Yaz aylarında akarsu üzerine kurulu ahşap balkonlarda yemek yiyebiliyorsunuz. Yere bir kilim serilmiş, üzerine minderler dizilmiş. Yuvarlak köy sofrasınnın etrafında dilediğiniz gibi oturabilirsiniz. Yayılmak serbest. Yalnız bu ahşap platforma adım atmadan önce ayakkabıları çıkarmak gerekiyor. Siz yemeğinizi yerken, etrafınızda ördekler yüzüyor, ekmeğinizi sizinle paylaşıyor.
Ulupınar yalnızca yaz aylarında ziyaret edilen bir yer değil elbette. Restoranların hepsinin kışlık bölümleri var. Yine akarsu kenarına kurulu bu kapalı bölümler, manzaraya yüksekten baktığı için daha da hoş bir görüntü sunabiliyor. Restoranların hiç birinde otopark sorunu yok.

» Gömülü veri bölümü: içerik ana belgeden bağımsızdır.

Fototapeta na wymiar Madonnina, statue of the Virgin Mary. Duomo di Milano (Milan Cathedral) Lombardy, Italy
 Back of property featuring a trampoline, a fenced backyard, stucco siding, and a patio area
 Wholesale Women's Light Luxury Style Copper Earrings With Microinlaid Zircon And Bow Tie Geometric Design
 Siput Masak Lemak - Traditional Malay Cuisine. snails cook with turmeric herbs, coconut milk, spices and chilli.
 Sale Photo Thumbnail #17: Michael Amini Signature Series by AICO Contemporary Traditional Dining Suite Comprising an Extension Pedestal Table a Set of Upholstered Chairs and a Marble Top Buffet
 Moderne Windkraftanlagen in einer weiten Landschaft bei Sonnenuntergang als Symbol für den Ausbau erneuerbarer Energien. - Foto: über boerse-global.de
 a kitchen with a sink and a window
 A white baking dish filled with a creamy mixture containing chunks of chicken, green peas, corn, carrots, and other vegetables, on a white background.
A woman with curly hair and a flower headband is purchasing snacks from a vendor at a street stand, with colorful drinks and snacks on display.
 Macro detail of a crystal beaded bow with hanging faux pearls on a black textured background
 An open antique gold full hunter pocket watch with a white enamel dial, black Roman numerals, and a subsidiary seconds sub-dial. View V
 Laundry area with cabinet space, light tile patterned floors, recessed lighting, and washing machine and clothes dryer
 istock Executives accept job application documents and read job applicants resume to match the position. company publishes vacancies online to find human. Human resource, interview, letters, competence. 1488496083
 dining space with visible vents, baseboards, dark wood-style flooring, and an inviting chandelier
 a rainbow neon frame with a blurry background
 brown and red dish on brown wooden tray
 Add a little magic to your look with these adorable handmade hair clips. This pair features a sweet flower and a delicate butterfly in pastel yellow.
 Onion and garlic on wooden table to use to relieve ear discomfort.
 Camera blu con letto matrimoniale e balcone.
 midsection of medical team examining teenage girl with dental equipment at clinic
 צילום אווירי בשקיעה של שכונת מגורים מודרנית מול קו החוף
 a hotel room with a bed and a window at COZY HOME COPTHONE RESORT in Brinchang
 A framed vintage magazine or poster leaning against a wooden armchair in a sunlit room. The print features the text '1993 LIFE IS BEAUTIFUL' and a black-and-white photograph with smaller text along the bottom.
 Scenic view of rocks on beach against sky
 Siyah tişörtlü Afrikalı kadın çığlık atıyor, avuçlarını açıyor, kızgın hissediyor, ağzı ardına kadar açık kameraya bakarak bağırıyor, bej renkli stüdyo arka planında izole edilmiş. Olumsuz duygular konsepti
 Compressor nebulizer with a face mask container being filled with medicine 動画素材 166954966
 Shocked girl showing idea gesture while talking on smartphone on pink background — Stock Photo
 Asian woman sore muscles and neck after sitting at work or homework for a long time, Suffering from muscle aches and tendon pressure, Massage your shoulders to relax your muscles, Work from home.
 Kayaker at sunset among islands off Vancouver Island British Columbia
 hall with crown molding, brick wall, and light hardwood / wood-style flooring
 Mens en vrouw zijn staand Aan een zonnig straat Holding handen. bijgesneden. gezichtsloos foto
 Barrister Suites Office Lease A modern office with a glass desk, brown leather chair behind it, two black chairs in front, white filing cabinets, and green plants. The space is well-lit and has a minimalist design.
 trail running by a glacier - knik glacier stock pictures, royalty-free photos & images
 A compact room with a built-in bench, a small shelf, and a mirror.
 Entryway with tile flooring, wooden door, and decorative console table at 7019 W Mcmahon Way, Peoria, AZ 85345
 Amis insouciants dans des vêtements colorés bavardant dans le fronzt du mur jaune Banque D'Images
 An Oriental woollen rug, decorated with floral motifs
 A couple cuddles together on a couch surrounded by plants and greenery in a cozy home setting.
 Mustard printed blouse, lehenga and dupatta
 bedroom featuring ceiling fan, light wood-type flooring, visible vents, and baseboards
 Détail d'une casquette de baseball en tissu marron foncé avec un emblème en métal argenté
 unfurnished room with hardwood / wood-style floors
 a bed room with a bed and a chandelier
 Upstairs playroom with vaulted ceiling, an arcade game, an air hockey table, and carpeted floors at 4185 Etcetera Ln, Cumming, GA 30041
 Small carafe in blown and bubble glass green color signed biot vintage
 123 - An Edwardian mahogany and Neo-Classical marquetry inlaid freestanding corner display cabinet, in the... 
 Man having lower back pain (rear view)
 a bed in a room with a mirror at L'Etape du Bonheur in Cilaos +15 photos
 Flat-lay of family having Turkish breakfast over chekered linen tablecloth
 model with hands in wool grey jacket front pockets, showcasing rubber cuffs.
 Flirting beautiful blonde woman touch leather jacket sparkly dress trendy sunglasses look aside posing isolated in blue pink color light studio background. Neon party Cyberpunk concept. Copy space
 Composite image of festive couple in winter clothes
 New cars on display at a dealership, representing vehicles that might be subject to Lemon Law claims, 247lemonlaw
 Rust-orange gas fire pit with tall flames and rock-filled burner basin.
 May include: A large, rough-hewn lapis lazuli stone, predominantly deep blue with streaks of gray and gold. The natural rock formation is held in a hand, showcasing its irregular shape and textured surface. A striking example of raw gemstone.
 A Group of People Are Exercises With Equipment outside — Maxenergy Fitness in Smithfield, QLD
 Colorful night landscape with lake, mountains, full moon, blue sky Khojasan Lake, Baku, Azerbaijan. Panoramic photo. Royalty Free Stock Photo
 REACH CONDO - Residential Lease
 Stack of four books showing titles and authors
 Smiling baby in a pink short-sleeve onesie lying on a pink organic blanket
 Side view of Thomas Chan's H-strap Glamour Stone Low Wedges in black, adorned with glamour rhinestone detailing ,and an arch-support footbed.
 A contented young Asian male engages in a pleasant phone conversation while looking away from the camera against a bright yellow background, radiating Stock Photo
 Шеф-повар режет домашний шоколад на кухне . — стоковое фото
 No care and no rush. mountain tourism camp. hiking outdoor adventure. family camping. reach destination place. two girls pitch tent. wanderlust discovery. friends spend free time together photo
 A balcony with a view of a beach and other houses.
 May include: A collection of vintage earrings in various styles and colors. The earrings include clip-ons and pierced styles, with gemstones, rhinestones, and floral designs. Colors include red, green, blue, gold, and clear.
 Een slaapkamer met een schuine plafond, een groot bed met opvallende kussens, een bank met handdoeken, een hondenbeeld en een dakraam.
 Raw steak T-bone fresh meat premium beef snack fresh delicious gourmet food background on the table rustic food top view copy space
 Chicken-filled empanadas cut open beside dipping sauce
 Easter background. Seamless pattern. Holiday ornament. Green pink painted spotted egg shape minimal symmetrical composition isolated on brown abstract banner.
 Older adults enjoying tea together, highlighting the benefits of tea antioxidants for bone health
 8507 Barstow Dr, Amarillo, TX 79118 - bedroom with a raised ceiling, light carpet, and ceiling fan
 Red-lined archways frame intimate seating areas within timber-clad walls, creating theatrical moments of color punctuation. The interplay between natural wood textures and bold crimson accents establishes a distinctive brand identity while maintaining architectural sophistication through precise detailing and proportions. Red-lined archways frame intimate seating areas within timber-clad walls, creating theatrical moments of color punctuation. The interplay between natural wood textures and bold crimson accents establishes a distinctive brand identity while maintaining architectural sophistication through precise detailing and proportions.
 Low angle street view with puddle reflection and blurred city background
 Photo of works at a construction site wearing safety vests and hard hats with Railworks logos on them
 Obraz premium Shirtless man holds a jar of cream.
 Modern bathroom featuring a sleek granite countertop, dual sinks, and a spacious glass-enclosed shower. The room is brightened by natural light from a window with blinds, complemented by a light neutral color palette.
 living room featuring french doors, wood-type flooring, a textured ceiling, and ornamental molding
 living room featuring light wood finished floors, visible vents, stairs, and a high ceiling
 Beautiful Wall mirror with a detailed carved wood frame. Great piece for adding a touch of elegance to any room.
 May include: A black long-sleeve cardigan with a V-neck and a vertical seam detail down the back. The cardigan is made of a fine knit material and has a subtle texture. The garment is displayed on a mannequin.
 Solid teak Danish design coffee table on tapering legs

KEMER’İN BALIK İHTİYACINI BU ÇİFTLİKLER SAĞLIYOR
Ulupınar’da hizmet veren restoranlardan biri Havuzbaşı Şelale Restoran. İşletmecisi Doğan Akkelle, uzun zamandır köyde alabalık üretimiyle de uğraşıyor. Doğan Akkelle’nin alabalık çiftliklerinde 6 ayda 560 bin adet balık üretiliyor. Kemer bölgesinde bulunan 25 otelin balıkları da bu sayede Ulupınar’dan karşılanmış oluyor. Restoran ismini, ormanın içinden çıkıp gelen ve ağaçlarla kaplı oturma gruplarının altından akan şelaleden alıyor. İçerisinde 120 yıllık bir un değirmeni var. Özellikle yabancı turistler, bu değirmenin başında oldukça fazla zaman geçiriyor. Mekan, neredeyse günün her saati dolu. Turistler, acenteler aracılığı ile yapılan rezervasyonların ardından, restoranın araçları ile konakladıkları otellerden getiriliyor.
Ulupınar restoranlarının kendilerine has yiyecekleri, yerinde yetişen doğal alabalık, sac kavurma, bıldırcın, ızgara çeşitleri ve deniz mahsulleri. Tüm yerli ve yabancı içecek çeşitlerini bulabilirsiniz. Pek çok restoranda, yiyeceğiniz balığı kendiniz de tutabiliyorsunuz. Siz yeter ki avcılıkta becerikli olun, onlar tuttuğunuz balıkları pişirip, taze taze servis ediyor. Oltalar, restoranlar tarafından veriliyor.
Köyün muhtarlığını iki dönemdir Sami Ilgaz yapıyor. 1970 yılında Ulupınar’ın ilk restoranını açan Ilgaz, o yıllarda turizm ile uğraşmanın ne kadar zor olduğunu anlatıyor. Bugün artık yöre halkının çok az bir kısmı tarım ve hayvancılıkla uğraşıyor. Köyün nüfusu 1183. Bu sayı yaz aylarında günlük ortalama 10 bine ulaşıyor. Ilgaz, Ulupınar’ın bir sezonda ortalama 1 milyonun üzerinde yerli ve yabancı turisti ağırladığını söylüyor.
Tüm restoranlarda fiyatlar gayet uygun. Alabalık 4, ızgaralar 9, salata ve meşrubat çeşitleri 2 YTL civarında. İki kişi zengin bir yemek yiyip, yaklaşık 20-25 YTL ödüyor.
Ulupınar’a giderken, hava ne kadar sıcak ve nem seviyesi ne kadar bunaltıcı olursa olsun, yanınıza bir hırka almayı ve yüksek seviyedeki oksijen nedeni ile yemeği fazla kaçırma ihtimaliniz bulunduğunu unutmayın.